What would be perfect.

Here, indoors, sitting merely where the equipment is, after a drink with the meal, nothing comes but the memory of heightened tactics.

I sing better in my mind than I sing aloud. Mentally, I sing soprano.

The story was about the adulterous man who shaved his head in spring. The story was about the Houston police devising a punishment for the adulterous man -- shaving heads of adulterers would be an excellent idea to them except the adulterer had beat them to it -- never letting him cut his hair would be another. Not that the courts would cite it. Not that the adulterous man was balding or a skinhead and so had shaved it; he was a thespian. The Houston police devised a punishment for the adulterous thespian that would not hurt the nights or household income of his French young wife. The Houston police caught him drinking. The parking lot behind the tavern emptied of its hundred cars. The police wanted that one bald thespian's car: The car was a Houston police car bought at auction and stripped of its decals.

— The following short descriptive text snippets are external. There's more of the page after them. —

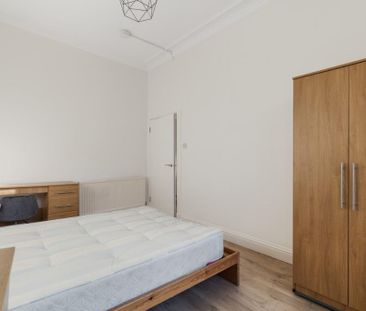 4 bedroom flat to rent - Photo 4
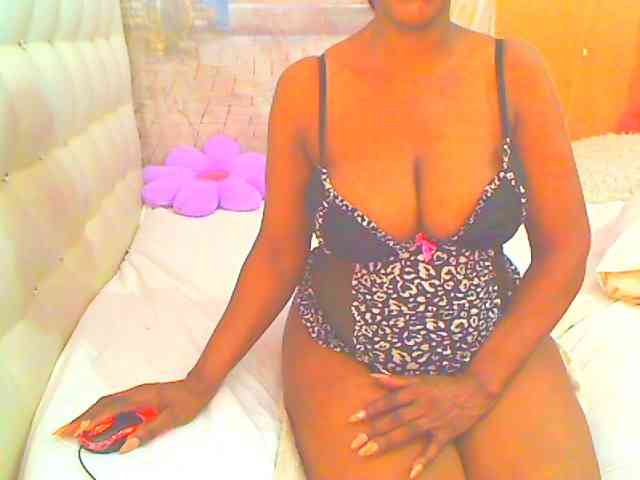 HOTLILLIE webcam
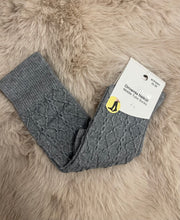 Kép betöltése a galériamegjelenítőbe: 2001 Fonott mintás térdzokni
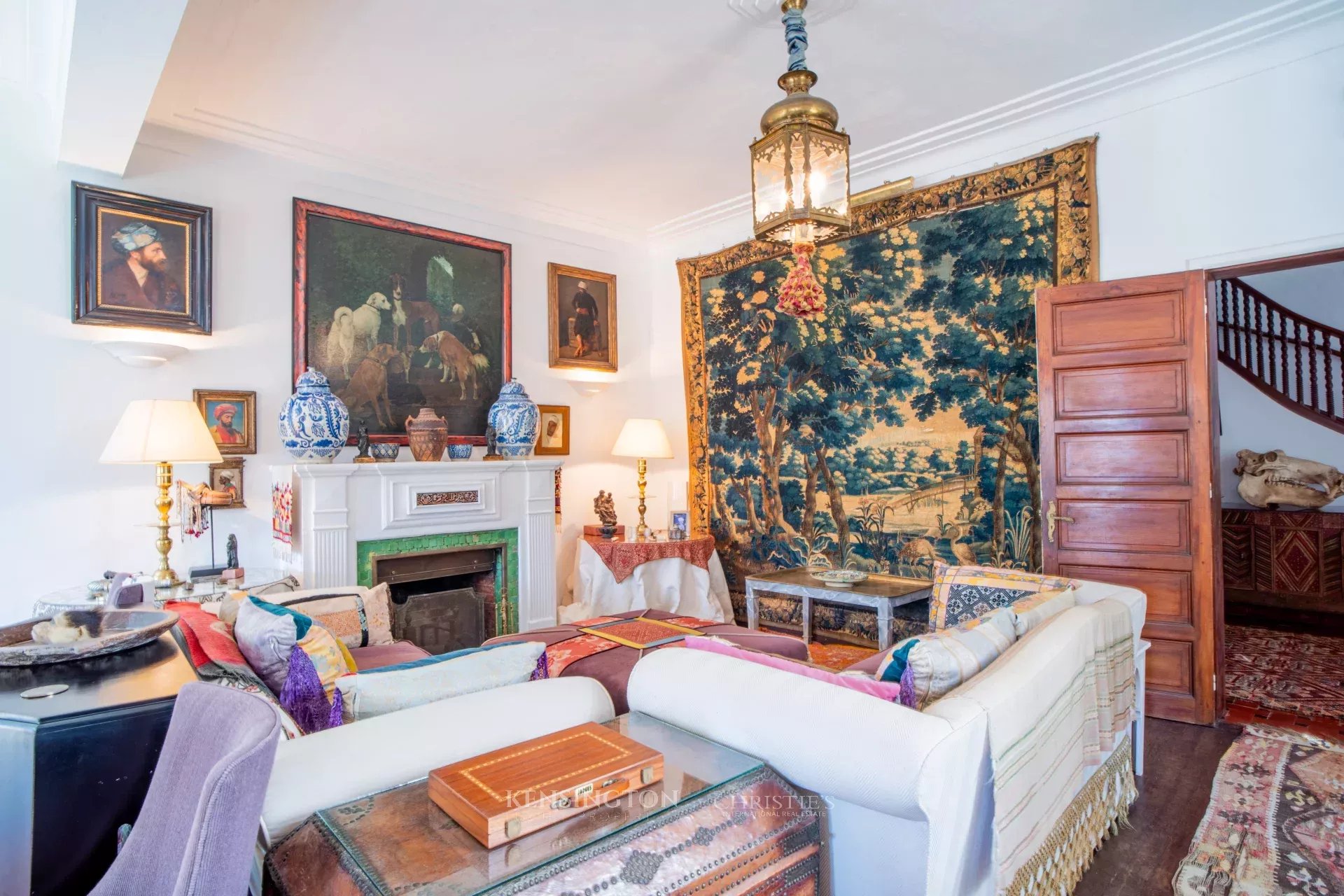 6 Bedroom Villa/Townhouse's Image 6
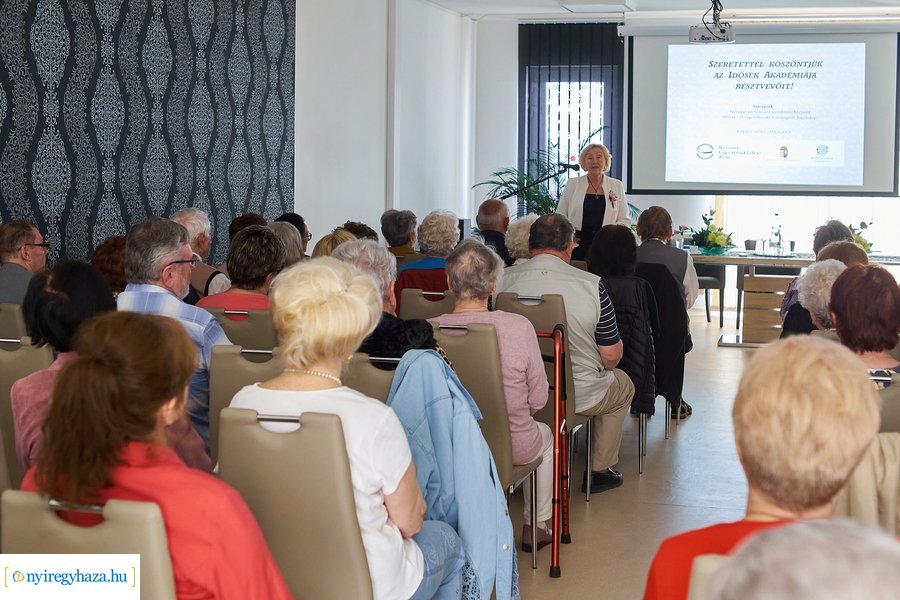 Idősek Akadémiája 20220505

The police in their turquoise squad cars followed the thespian in his plain turquoise car as it followed a slate blue car Mondays and Wednesdays to a street far from where the thespian lived with his wife. The thespian smoked a roach on the way, proudly unaware that the police were following him, preferring to think that they were riding beside him.

That time the judge sentenced him to five AA meetings per week, a work permit (he kept the car), plates in the driveway weeknights by nine.